▶ MATERIAL FOR THIS TASK:
__________

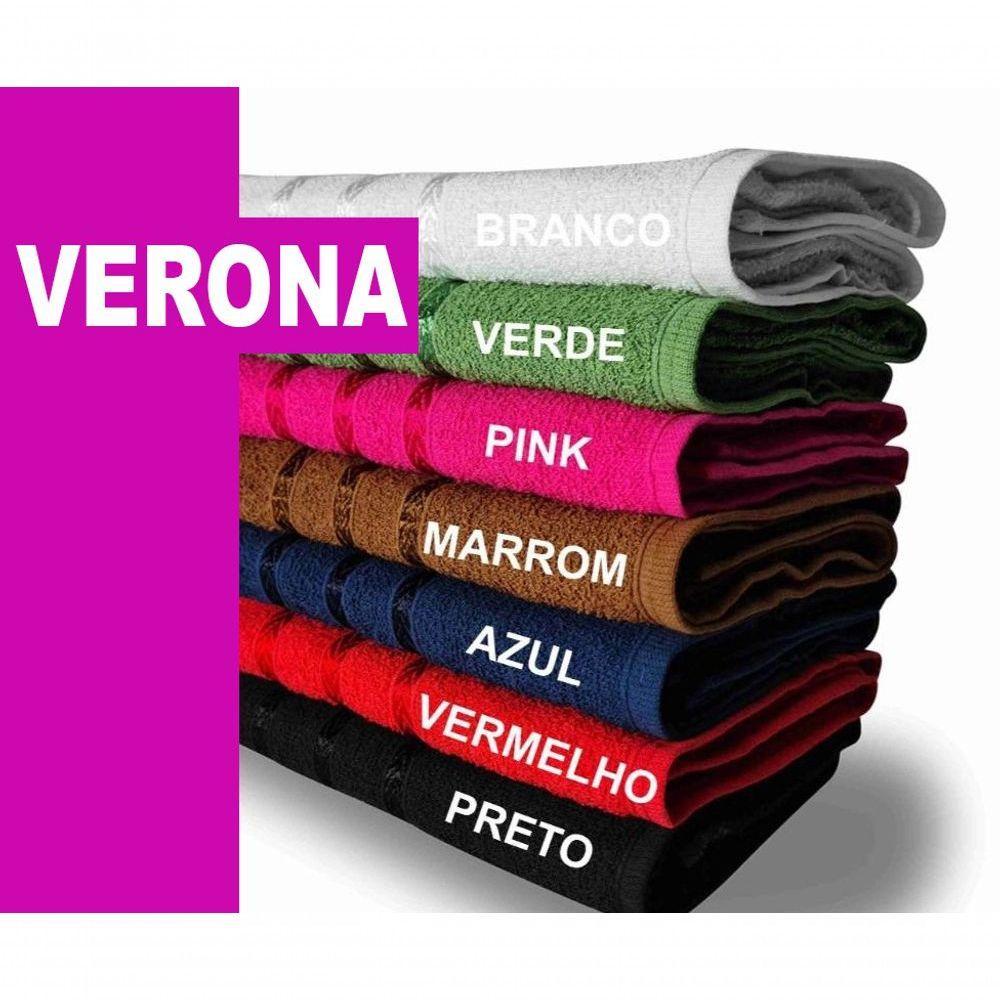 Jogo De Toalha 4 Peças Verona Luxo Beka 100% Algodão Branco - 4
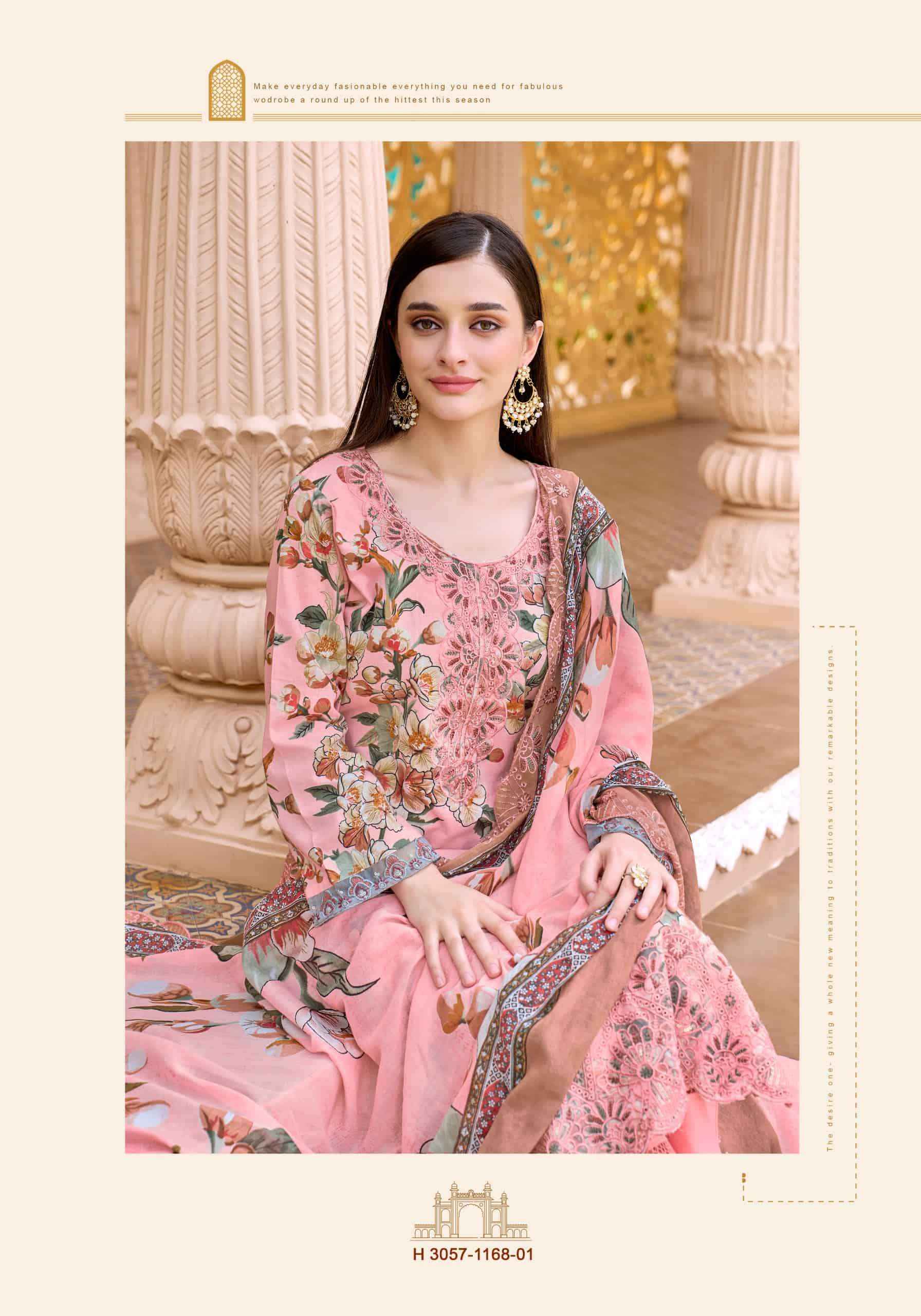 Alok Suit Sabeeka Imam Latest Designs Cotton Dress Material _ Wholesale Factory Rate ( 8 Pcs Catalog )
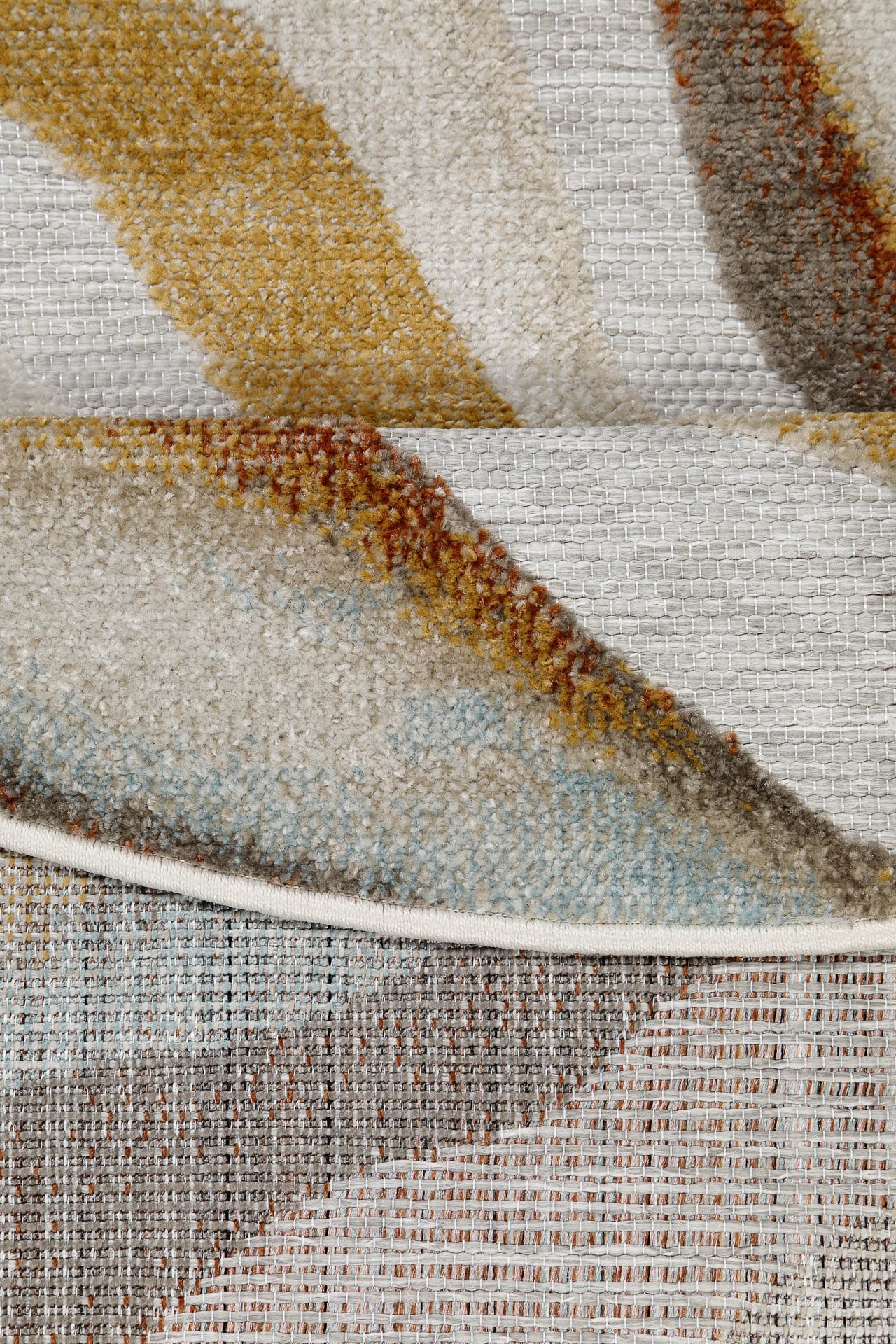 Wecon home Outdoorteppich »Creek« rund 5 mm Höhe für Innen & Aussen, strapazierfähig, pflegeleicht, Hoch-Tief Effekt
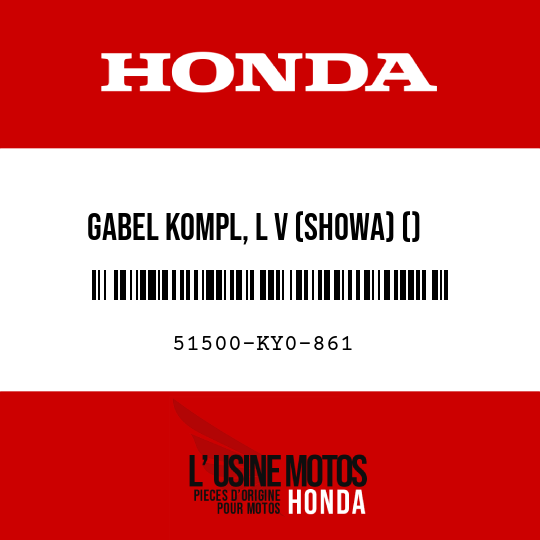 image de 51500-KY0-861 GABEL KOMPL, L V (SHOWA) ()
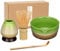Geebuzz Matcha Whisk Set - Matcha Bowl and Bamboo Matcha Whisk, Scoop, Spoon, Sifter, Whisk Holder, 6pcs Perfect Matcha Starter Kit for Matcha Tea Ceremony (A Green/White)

__________

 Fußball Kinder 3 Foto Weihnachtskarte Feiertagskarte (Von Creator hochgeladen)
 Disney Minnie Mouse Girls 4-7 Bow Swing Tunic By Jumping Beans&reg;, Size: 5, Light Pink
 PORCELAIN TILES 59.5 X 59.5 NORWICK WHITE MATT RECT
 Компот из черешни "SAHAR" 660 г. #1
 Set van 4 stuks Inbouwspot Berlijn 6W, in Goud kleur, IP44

__________

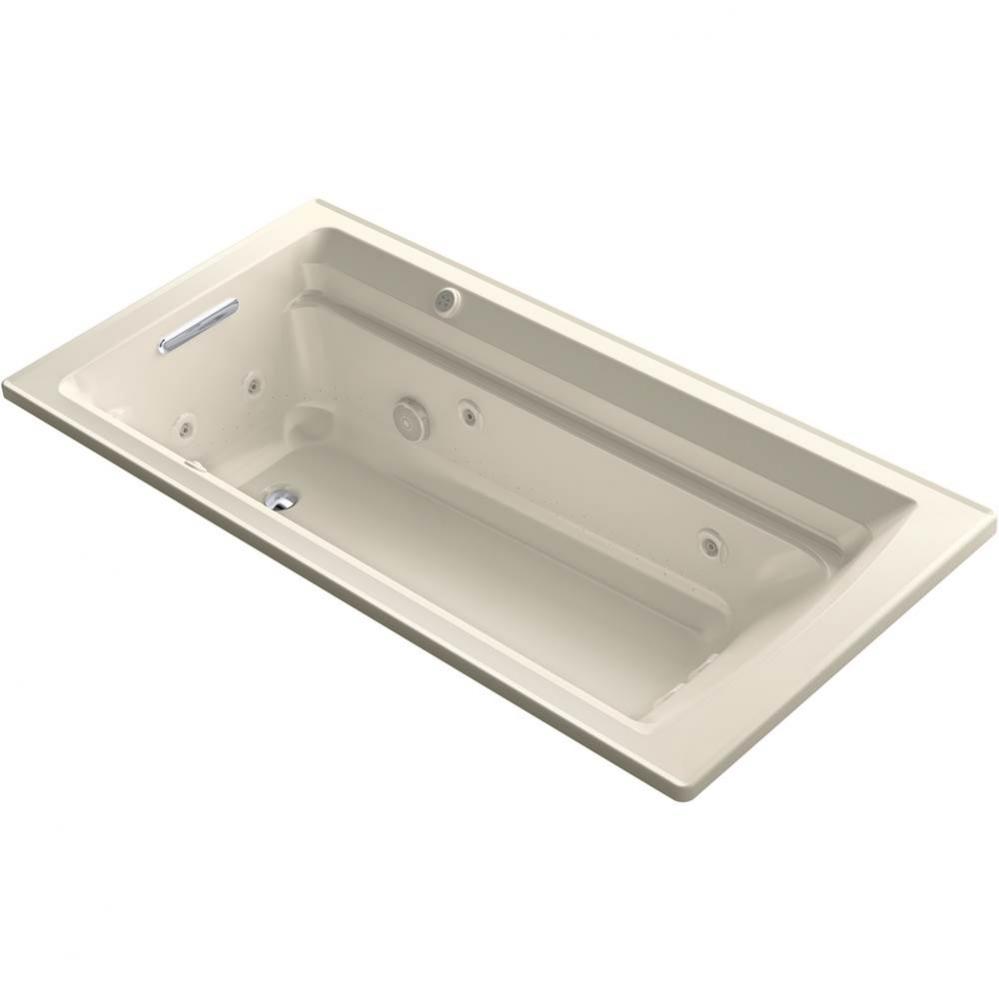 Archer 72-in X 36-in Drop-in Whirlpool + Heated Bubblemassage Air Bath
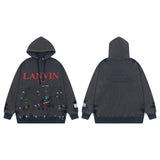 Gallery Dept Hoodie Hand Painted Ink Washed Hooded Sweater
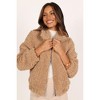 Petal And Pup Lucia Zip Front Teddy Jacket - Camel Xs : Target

__________

▶ ASSIGNED TASK: The result should be an exact copy of only the lines above from the one that holds "Wecon home Outdoorteppich" through the one that holds "Geebuzz Matcha Whisk", both ends included, without pictures.

▶ RESULT OF THE EXERCISE:
 Wecon home Outdoorteppich »Creek« rund 5 mm Höhe für Innen & Aussen, strapazierfähig, pflegeleicht, Hoch-Tief Effekt
 image de 51500-KY0-861 GABEL KOMPL, L V (SHOWA) ()
Geebuzz Matcha Whisk Set - Matcha Bowl and Bamboo Matcha Whisk, Scoop, Spoon, Sifter, Whisk Holder, 6pcs Perfect Matcha Starter Kit for Matcha Tea Ceremony (A Green/White)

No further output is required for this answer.